*ENTRIES SHOWN*.
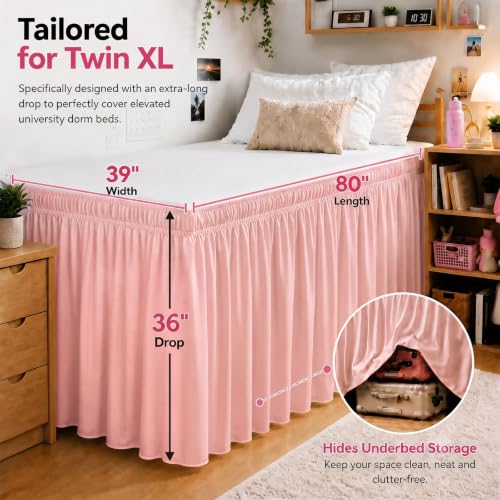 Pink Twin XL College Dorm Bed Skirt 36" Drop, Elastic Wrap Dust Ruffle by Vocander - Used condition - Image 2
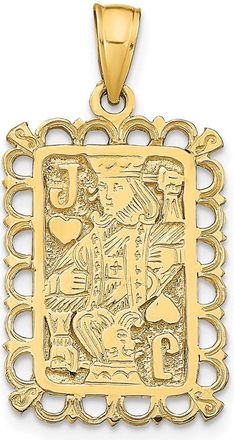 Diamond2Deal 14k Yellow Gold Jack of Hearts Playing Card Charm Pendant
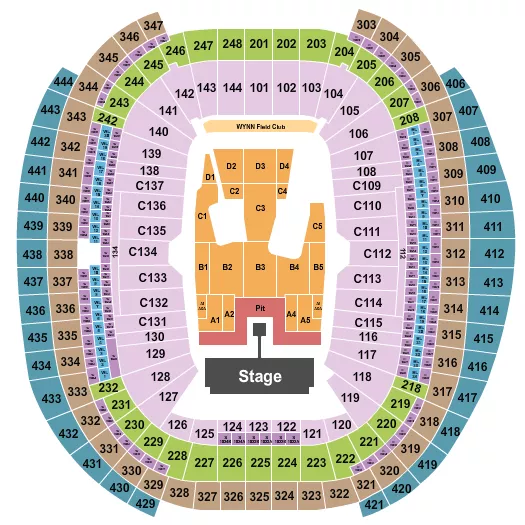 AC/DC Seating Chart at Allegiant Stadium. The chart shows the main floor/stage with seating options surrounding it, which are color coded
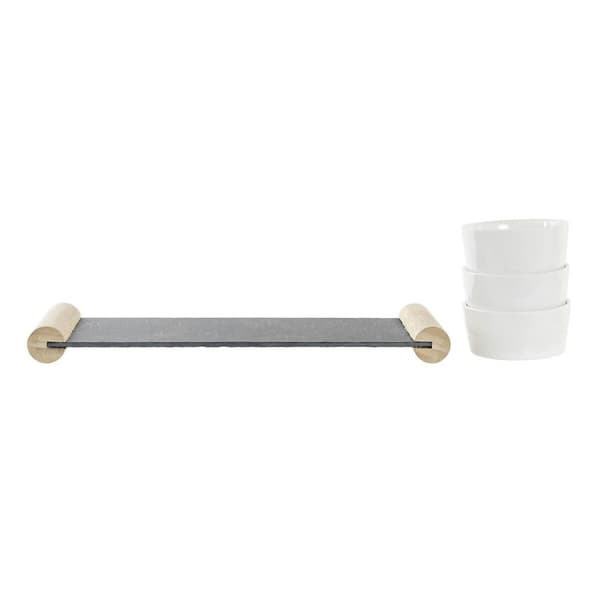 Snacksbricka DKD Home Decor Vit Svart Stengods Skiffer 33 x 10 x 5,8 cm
* * *
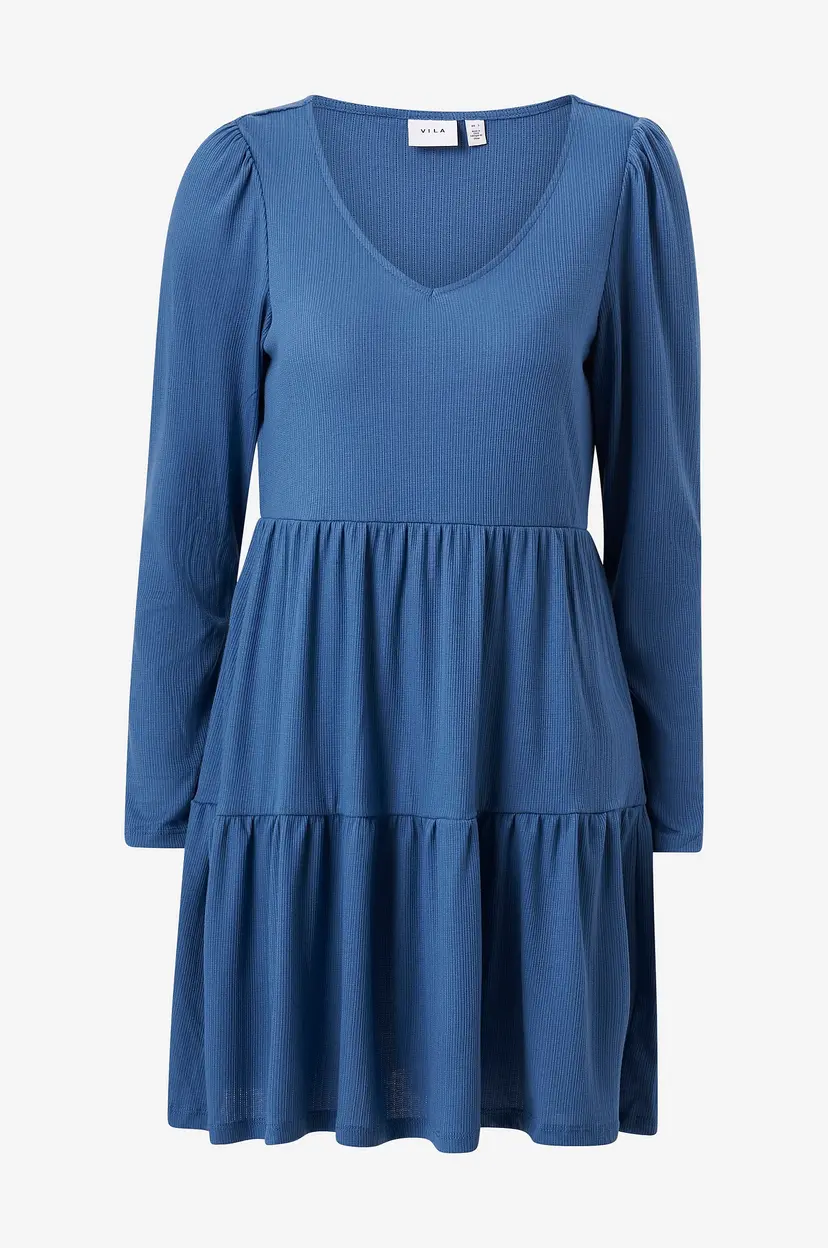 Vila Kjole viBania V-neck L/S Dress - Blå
* * *
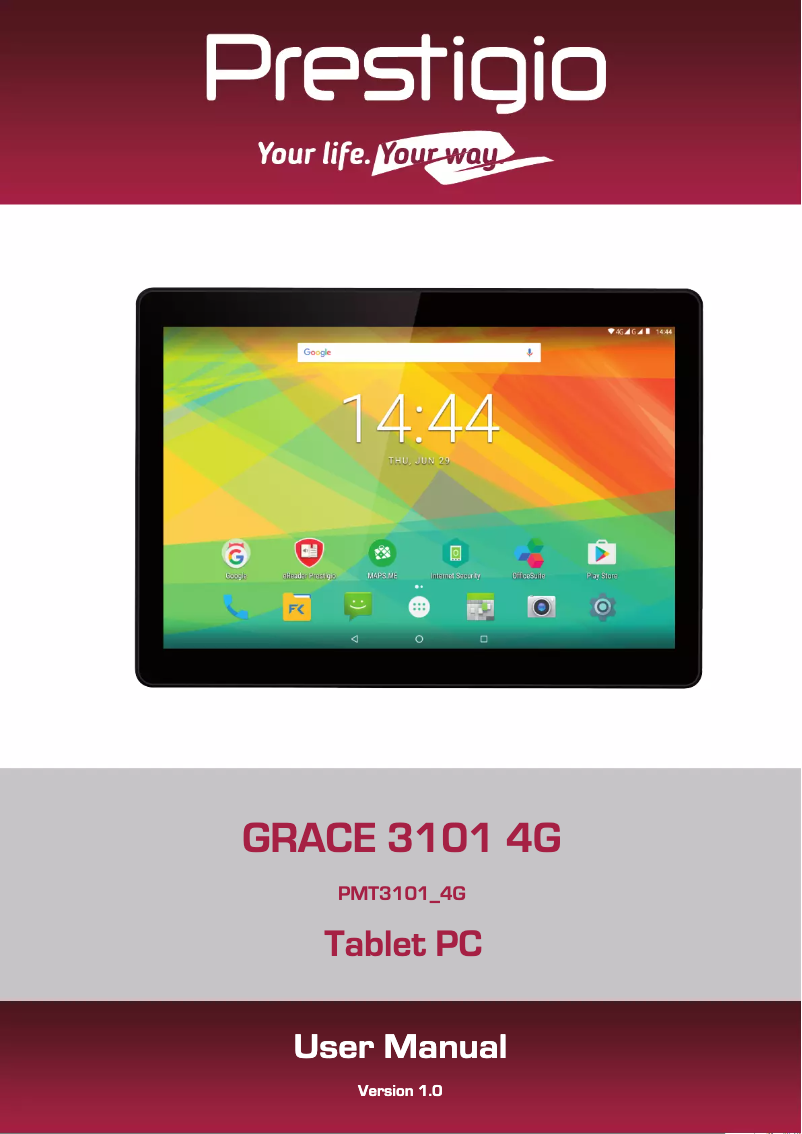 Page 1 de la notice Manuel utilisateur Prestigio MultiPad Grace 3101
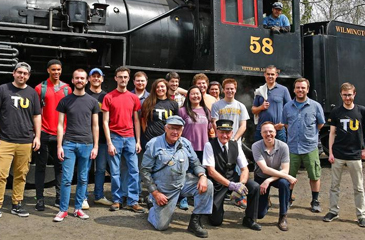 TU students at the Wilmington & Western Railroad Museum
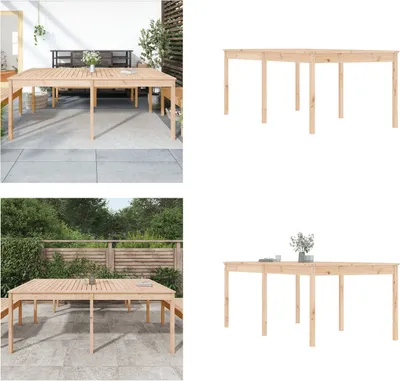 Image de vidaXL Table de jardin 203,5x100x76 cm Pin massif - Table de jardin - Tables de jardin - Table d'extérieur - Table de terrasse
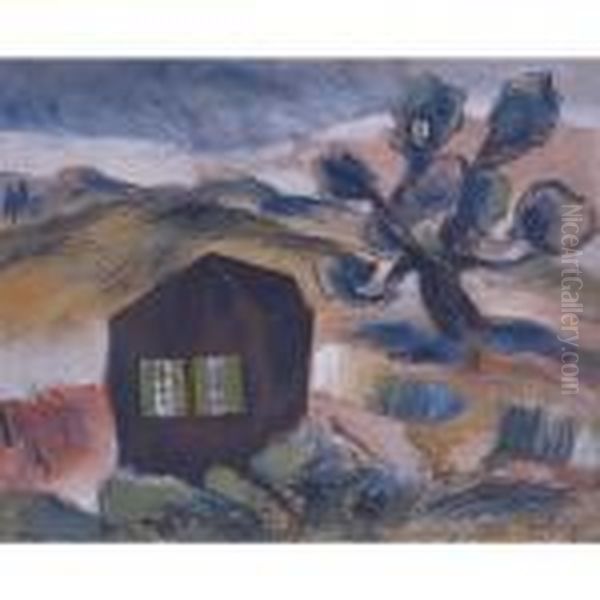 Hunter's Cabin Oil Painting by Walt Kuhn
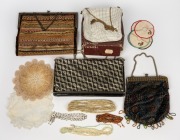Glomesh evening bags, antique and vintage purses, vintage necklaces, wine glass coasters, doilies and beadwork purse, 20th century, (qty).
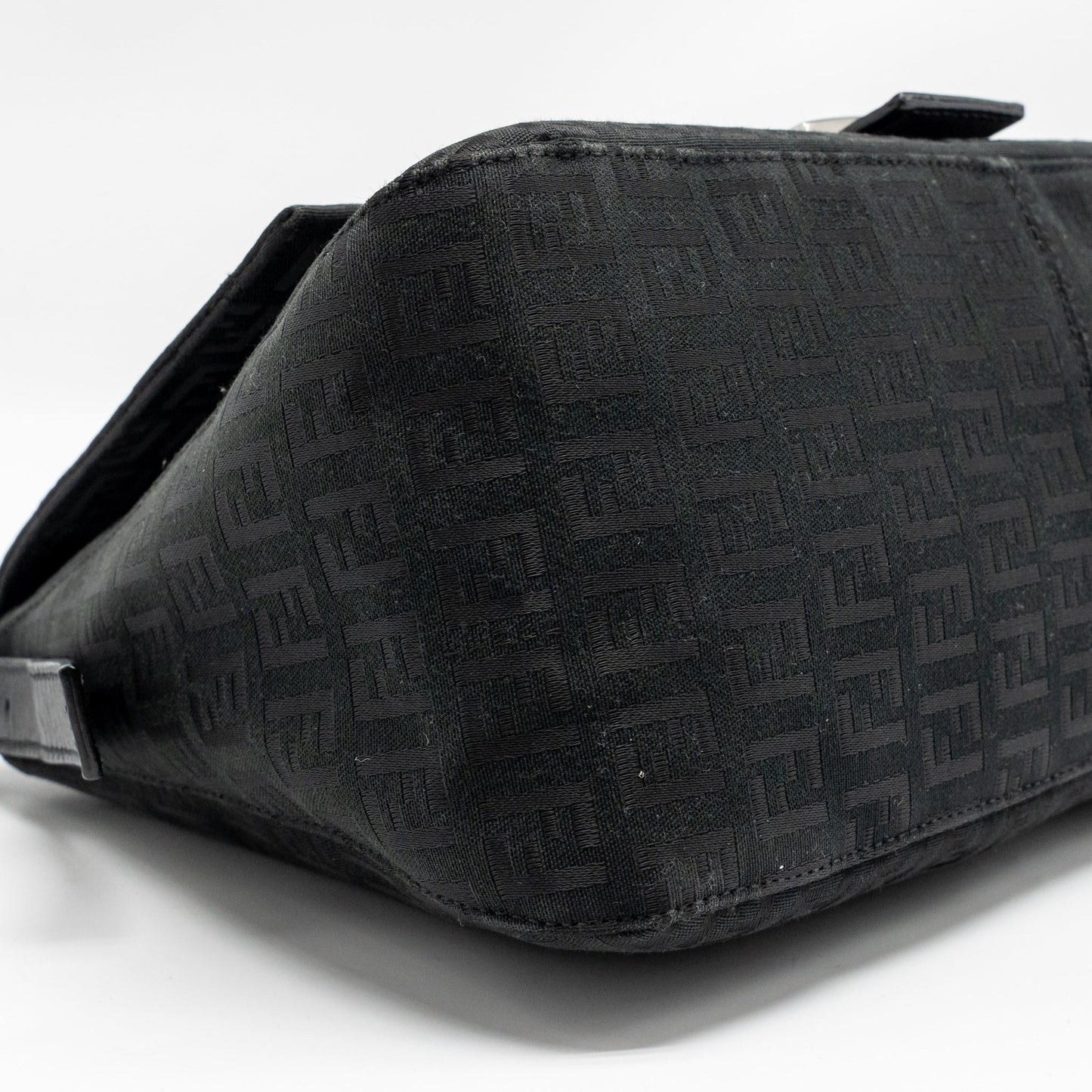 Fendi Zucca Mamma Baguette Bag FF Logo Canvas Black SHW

*YOUR TASK*. Reproduce the data above exactly, but only from the line containing "Page 1 de la" through the line containing "Hunter's Cabin Oil Painting by Walt Kuhn"; skip the pictures.

*SOLUTION TO THE EXERCISE*.
 Page 1 de la notice Manuel utilisateur Prestigio MultiPad Grace 3101
 TU students at the Wilmington & Western Railroad Museum
 Image de vidaXL Table de jardin 203,5x100x76 cm Pin massif - Table de jardin - Tables de jardin - Table d'extérieur - Table de terrasse
 Hunter's Cabin Oil Painting by Walt Kuhn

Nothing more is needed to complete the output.